Combine the following points/steps:

• $\sqrt i=(\pm)\frac{1+i}{\sqrt2}$. BTW, I kinda dislike the notation $\sqrt i$, as this hides the fact that $i$ has two square roots. It might be preferrable to refer to this number as a specific eighth root of unity. For example, the plus sign in the above formula: $\zeta_8=(1+i)/\sqrt2 =e^{i\pi /4}$.
• It easily follows from this that $\Bbb{Q}(\sqrt i)=\Bbb{Q}(i,\sqrt2)$.
• Let us denote one of the zeros of $x^4+2$ by $u=\zeta_8\root4\of2$. Then $u^2= i\sqrt2$, so $u^2\in \Bbb{Q}(i,\sqrt2)$. Therefore $[\Bbb{Q}(u,i,\sqrt2):\Bbb{Q}(i,\sqrt2)]\le2.$
• The other zeros of $x^4+2$ are $iu,-u$ and $-iu$, so the splitting field is $$K=\Bbb{Q}(u,i,\sqrt2)=\Bbb{Q}(u,i)=\Bbb{Q}(u,\sqrt2)$$ (don't know yet which way of looking at is most useful for the purposes of solving this problem).
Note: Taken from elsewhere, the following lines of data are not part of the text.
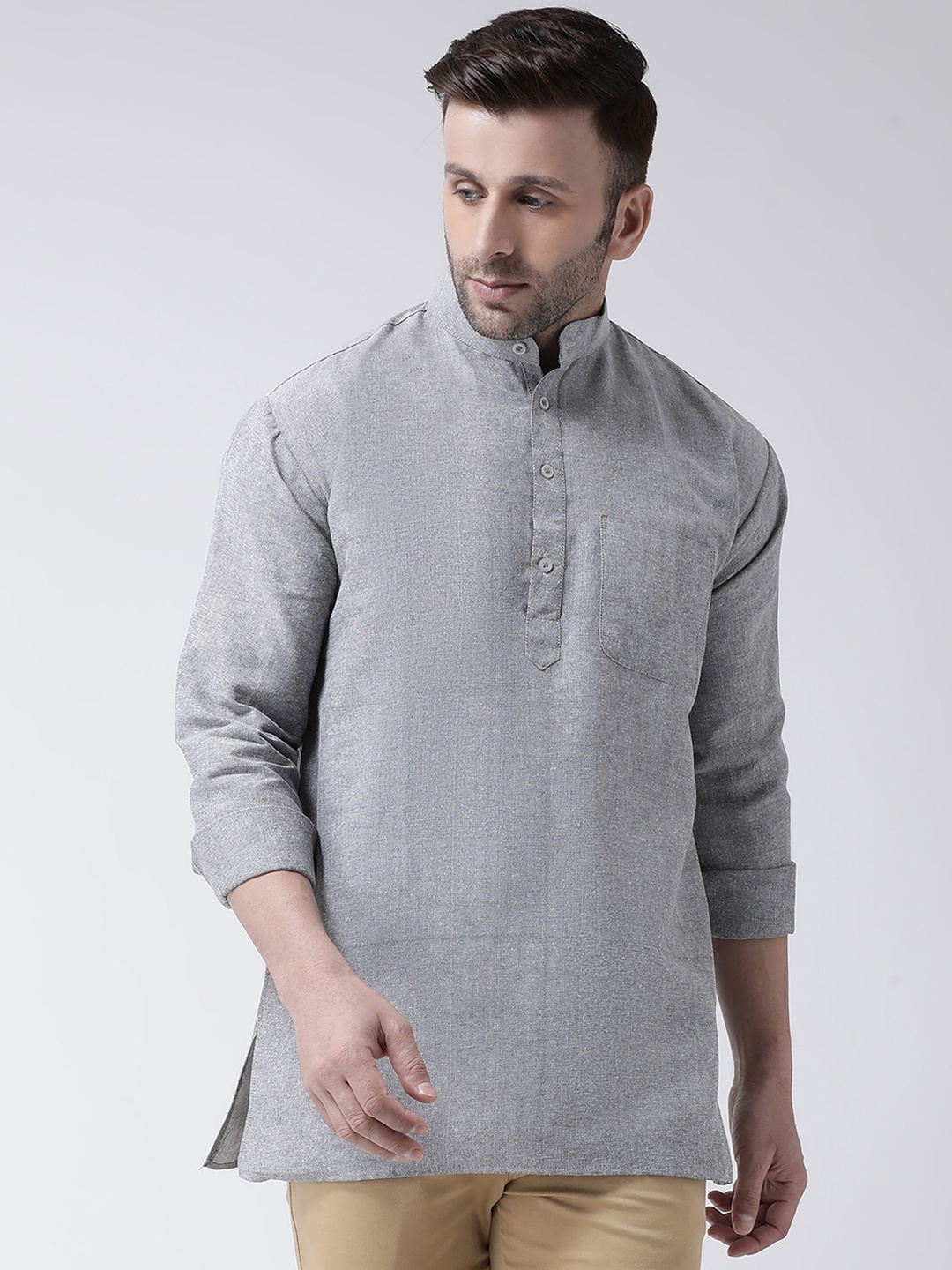 

RIAG Band Collar Long Sleeves Cotton Kurta, Grey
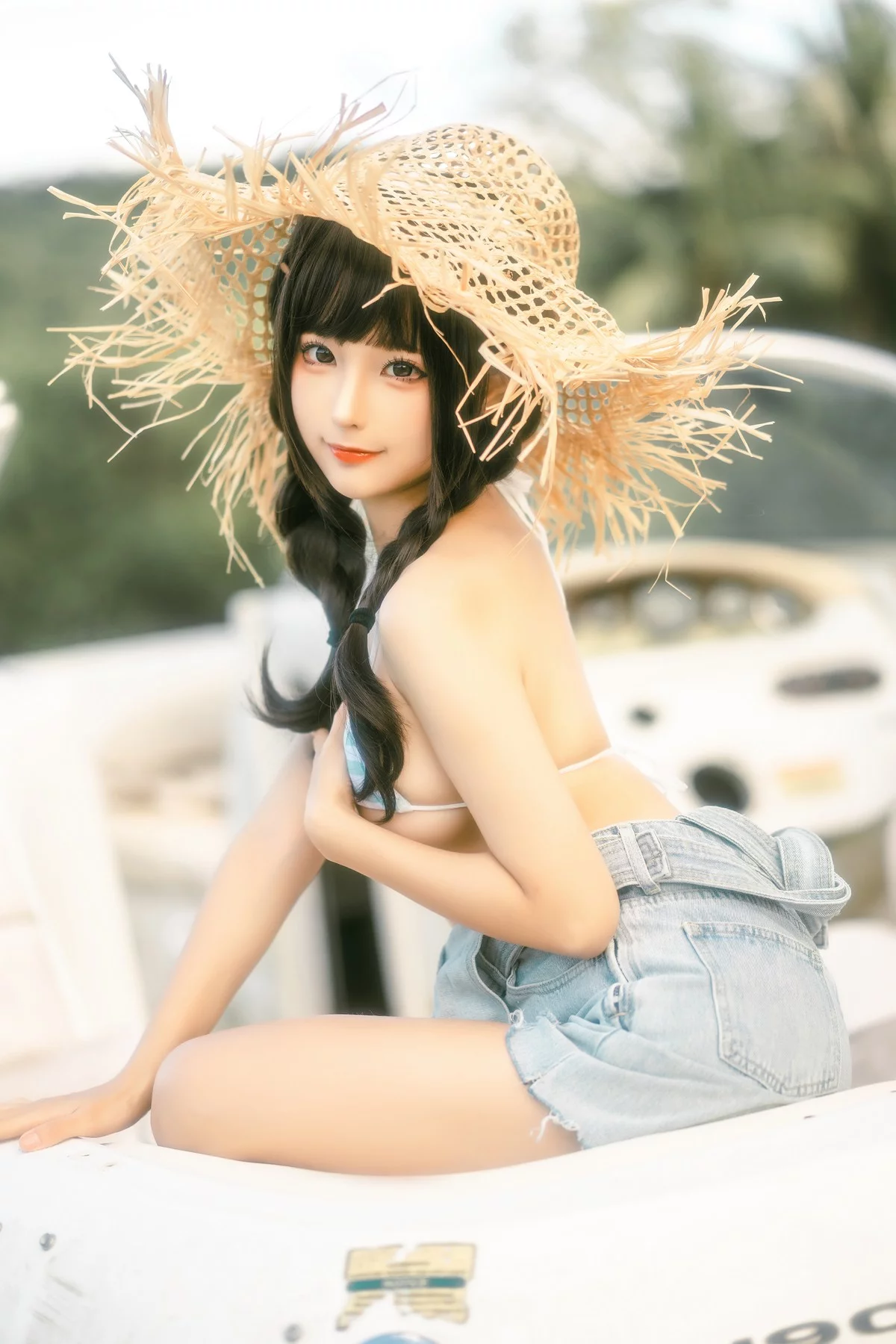 动漫博主蠢沫沫废船记主题户外脱牛仔背带服露三点式内衣秀豪乳遮点诱惑写真116P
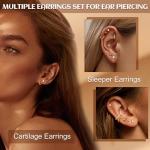 9 Pairs Gold Earrings Set for Women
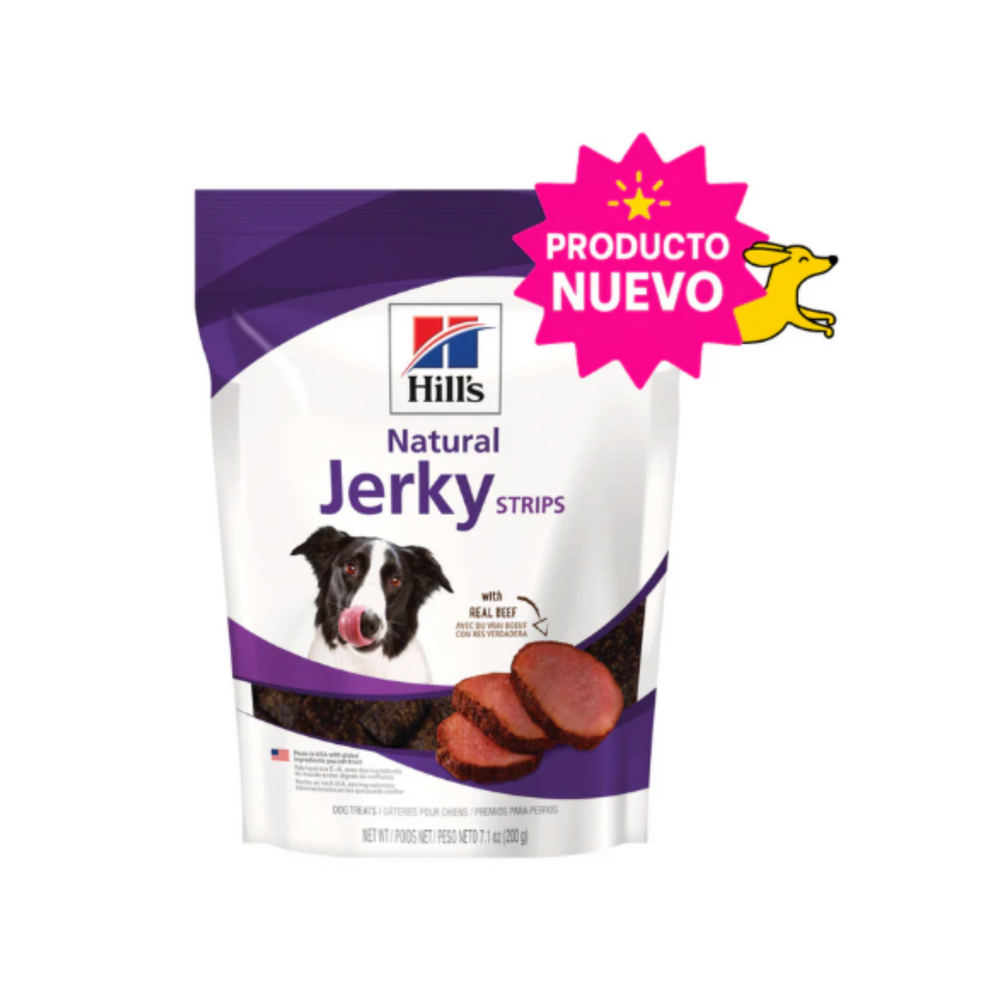 1 Premio Hill's Canine Natural Jerky Strips, Premios Naturales para Perro con Carne de Res Real, 200g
• Because $\zeta_8\in K$, it follows that $\root4\of2\in K$.
• The intersection $\Bbb{Q}(i,\sqrt2)\cap\Bbb{R}=\Bbb{Q}(\sqrt2)$. This implies (how? why?) that $\root4\of2\notin\Bbb{Q}(i,\sqrt2)$.
• This implies (how? why?) that $u\notin \Bbb{Q}(i,\sqrt2)$. Therefore $[\Bbb{Q}(u,i,\sqrt2):\Bbb{Q}(i,\sqrt2)]\ge2.$

At this point you should be able to answer your question.